To run this project you will need to create a .env file with the definitions for 'GOOGLE_APPLICATION_CREDENTIALS' and 'MICROSOFT_CV_SUBSCRIPTION_KEY'. These can be obtained by setting up a Google Cloud project and a Microsoft Azure project.
Addtionally in order for the key strokes to register, the program must be run as root.
I wanted to create an assistive technology that was more robust than what's currently available. Web developers don't always provide alt-text for their images and I wanted to create an alternative to depending on alt-text.
PixReader is an assistive screen reader that reads text and auto-generated captions for images with the help of computer vision!
This was built with Microsoft Cognitive Services (Describe Image), Google Cloud Text-to-Speech, and all strung together with python3.
I initially tried to build the screen reader portion of the project with Google's Web Speech API, but there's minimal documentation for it and the only resource I could find was a blog post translated from Polish.

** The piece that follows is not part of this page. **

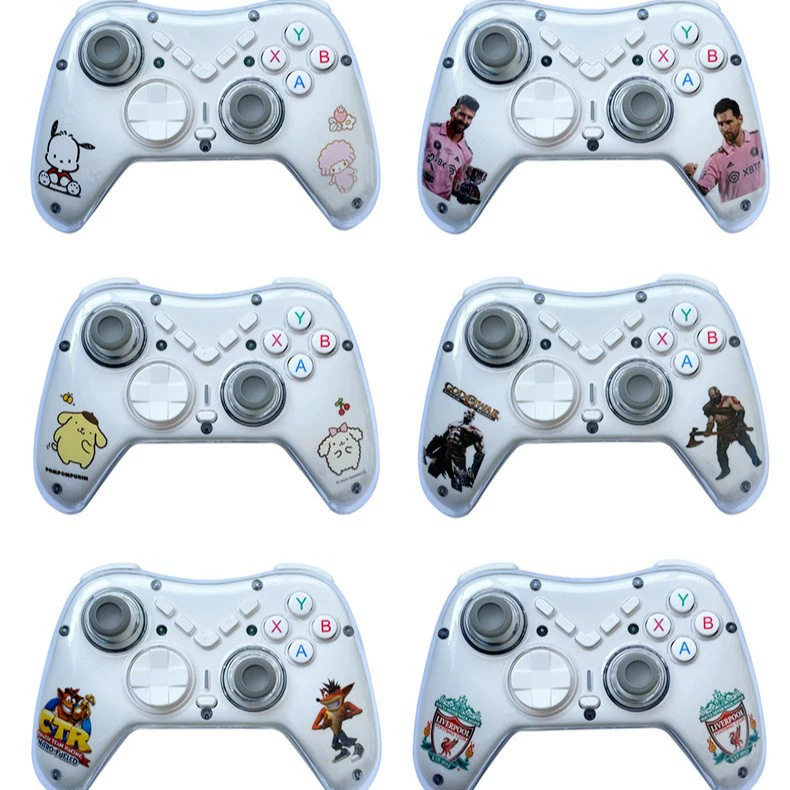 New Wireless Bluetooth Game Controller X6 for Pc, Android, Switch with Vibration and Macro Back Buttons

Additionally, after implementing Microsoft Cognitive Services for the image caption generation, I tried to use Google's "im2text" model because I was impressed by its superior results. Sadly, all the pre-trained models I found online were sub-par and training it myself, even with my GPU, would take weeks. Not a luxury provided by TAMUhack.
I was in an unfortunate seating arrangement where I needed to stay where I was to use the ethernet cable and didn't really have room for teammates to join me, so I'm proud that I finished something so lofty both by myself and so quickly!
I learned how to use Google Cloud Text-to-Speech and Microsoft Cognitive Services!
Hopefully an improved model for the image caption generation!